In December, US inflation was announced at a monthly rate of 0.3% and an annual rate of 2.7%. These figures presented a table that aligned with both market expectations and the previous month's levels, indicating no significant change in inflation dynamics.
Following the government shutdown in November, December figures served as an indicator of the expected normalization test in the markets. According to the publicly disclosed data, methodological effects from previous months did not create a strong upward revision.
The monthly increase remaining at 0.3% indicates limited price pressures in energy and service categories.
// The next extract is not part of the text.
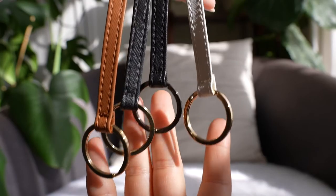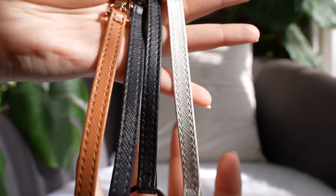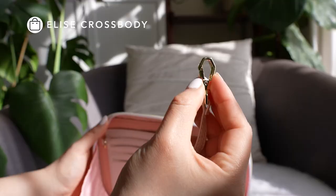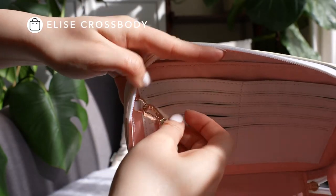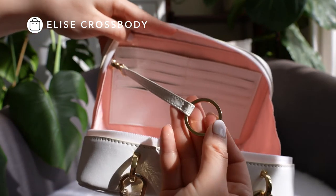On one end you can attach your keys to the ring. On the other side there is a clasp, so you can hook it onto any d-ring on a purse. I absolutely love using these to organize keys in my purse. That's why we always include d-rings in all of our bags, to make it really easy to find and use your keys.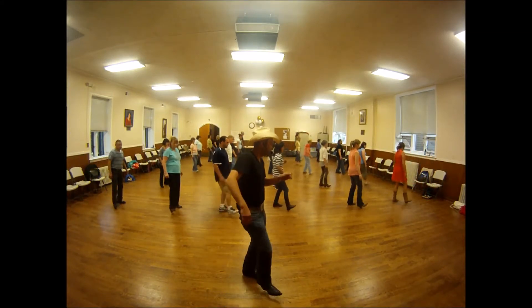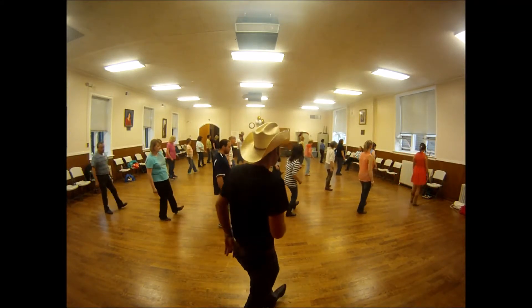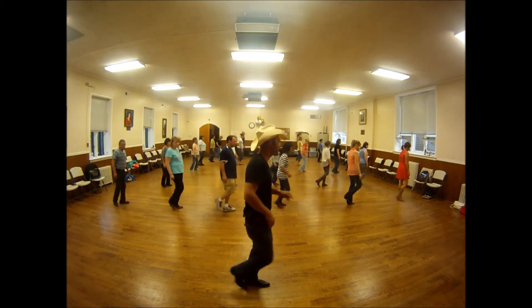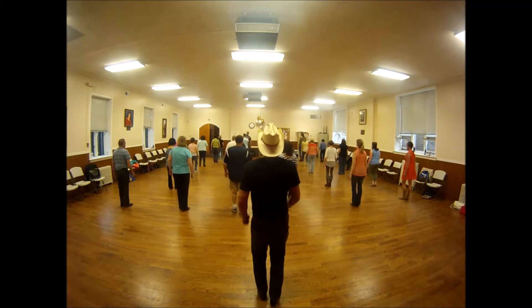Two heels. One, two, three, four, five, six, seven, eight. Yoga toes, three, four, step forward, pivot. Two stops and walk.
The controlled trend of the increase in housing costs and the weak appearance of goods inflation were the main factors that prevented headline inflation from surprising above expectations.
While annual inflation remained stable at 2.7%, this situation indicates that inflation continues to exceed the Federal Reserve's 2% target, but it is not entering a re-accelerating phase. This aligns with the view that the Fed's disinflation process is progressing slowly but steadily.
The failure of annual inflation expectations in the swap market to approach 3% has largely reduced fears that “data distortions could create a sharp upward correction.” From this perspective, the alignment of the data with market expectations has created a reassuring situation for investors.
In light of these data, expectations are strengthening that the Fed will decide to keep interest rates steady at its January meeting. Since no new inflation pressure signals have emerged, there seems to be no rush for a rate cut.
In the bond market, the “neither hot nor cold” nature of the data comes to the forefront. A sharp rise in 10-year US Treasury yields is not expected, and it is observed that yields are inclined to remain within the existing range.
In terms of stock markets, the alignment of inflation with expectations did not negatively affect risk appetite. After the recent volatility following employment data, it allowed for a more balanced pricing environment for the markets. US index futures recorded gains after the data was released.